I would suggest that this is more of a data modeling issue than a technology one. I saw something similar at my day job a couple of weeks ago.
tl; dr: design your keys and properties to avoid conflicts and to support having all of the instance graphs in one graph database.
Guessing at your data model, I suspect that each instance is some permutation of highly similar data. So that it looks something like this:
instance 1:
- node1: (label: A, id: 1, str: 'def'}
- node2: (label: B, id: 2, str: 'ghi'}
- edge1: {label: C, src_id: 1, dst_id: 2, mag: 0.50}
instance 2:
- node1: (label: A, id: 1, str: 'def'}
- node2: (label: B, id: 2, str: 'ghi'}
- edge1: {label: C, src_id: 1, dst_id: 2, mag: 0.25}
I'm sure that your data is a lot more interesting than my trivial example, but it should be sufficient to illustrate the point.
I'm expecting that the workflow is something like this:
1. extract a specific instance into memory - this will be most if not all of the instance
2. perform some set of analysis or computations which has specific expectations around the id's in order to compare results
3. save results somewhere for further analysis
I suggest changing the data model to something like the following will support your workflow and storing of multiple instances in one database:
instance 1:
- vertex1: (label: A, id: '1:1', str: 'def', instance_id: 1, vertex_id: 1}
- vertex2: (label: B, id: '1:2', str: 'ghi', instance_id: 1, vertex_id: 2}
- edge1: {label: C, src_id: '1:1', dst_id: '1:2', mag: 0.50}
instance 2:
- vertex1: (label: A, id: '2:1', str: 'efd', instance_id: 2, vertex_id: 1}
- vertex2: (label: B, id: '2:2', str: 'igh', instance_id: 2, vertex_id: 2}
- edge1: {label: C, src_id: '2:1', dst_id: '2:2', mag: 0.25}
The trick here is to make the vertex's primary key, in this case the id property, a composite of the instance designation (instance_id) and the vertex designation (vertex_id). I've done that as a string concatenation, but there are other ways. For example, if each instance has fewer than 1,000 vertices, then you can multiply the instance_id by 1000 and then add the vertex id value. For instance 1, the IDs would be vertex1: 1001 and vertex2: 1002.

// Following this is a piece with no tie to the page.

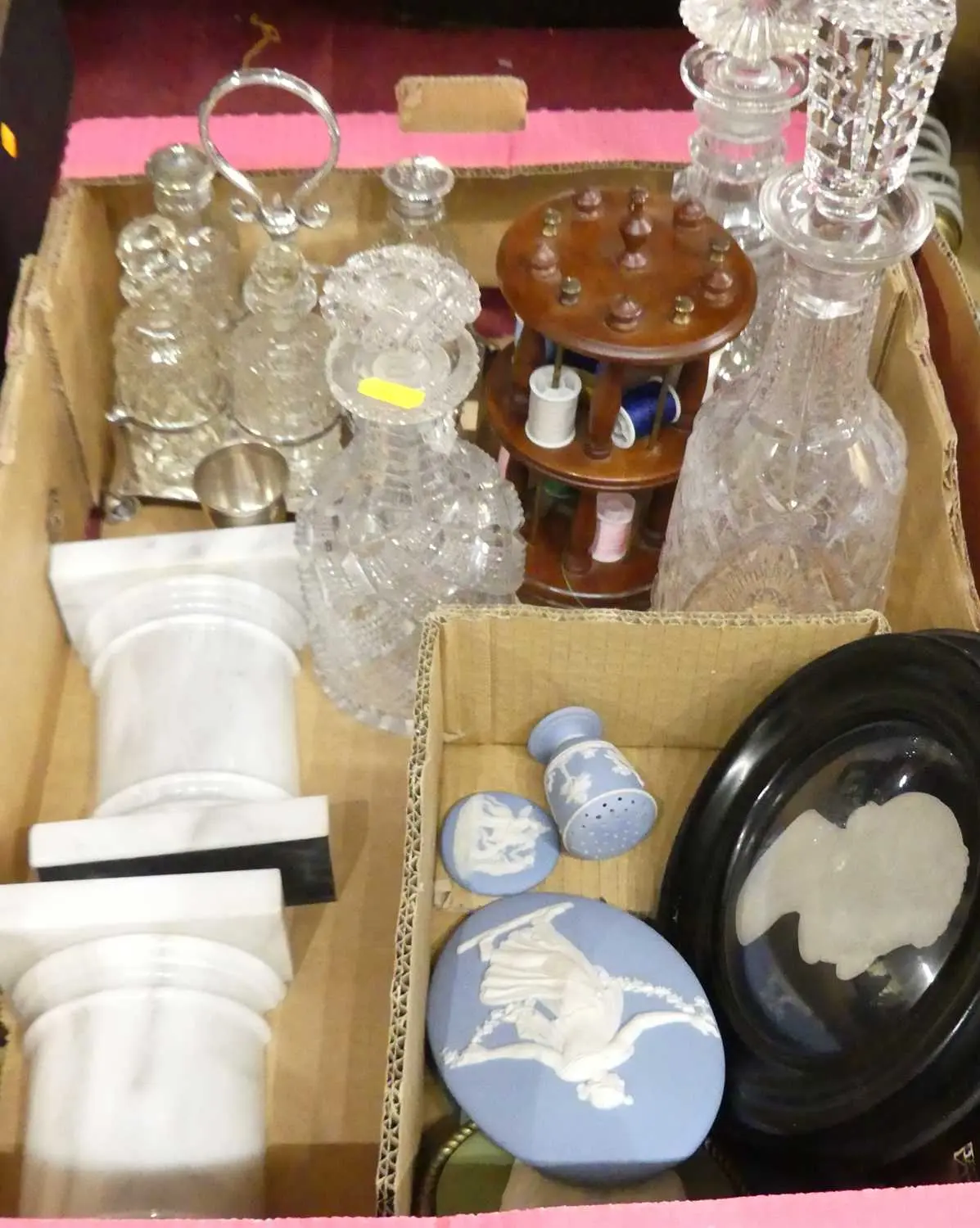 Lot 70 - A collection of ceramics and glassware, to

I do have a slight preference of integers over strings for the id values for performance reasons. But there are good "easily, quickly deciphered by humans" reasons for using strings, especially when the id performance costs are overshadowed by the cost/time of the other computations.

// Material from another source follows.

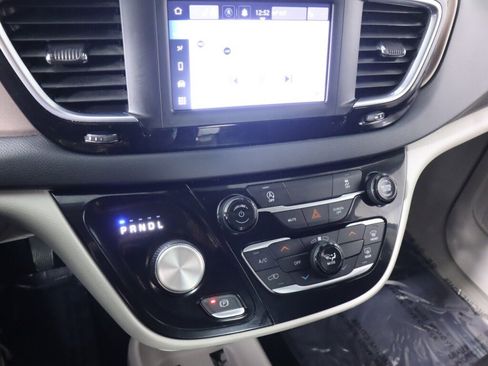 Used 2023 Chrysler Voyager LX FWD image 14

Note that this changes your analytics computations slightly since it must use the vertex_id values for doing comparisons between instances, and not the id value itself.
It should also simplify things in that you can get all of the vertices for a single instance with something like:
g.V().has('instance_id', 1)
I'm unsure of the JanusGraph indexing capabilities, but there should be some index in place on instance_id to avoid scanning all of the data in the graph every time a single instance is queried.
Best,
Josh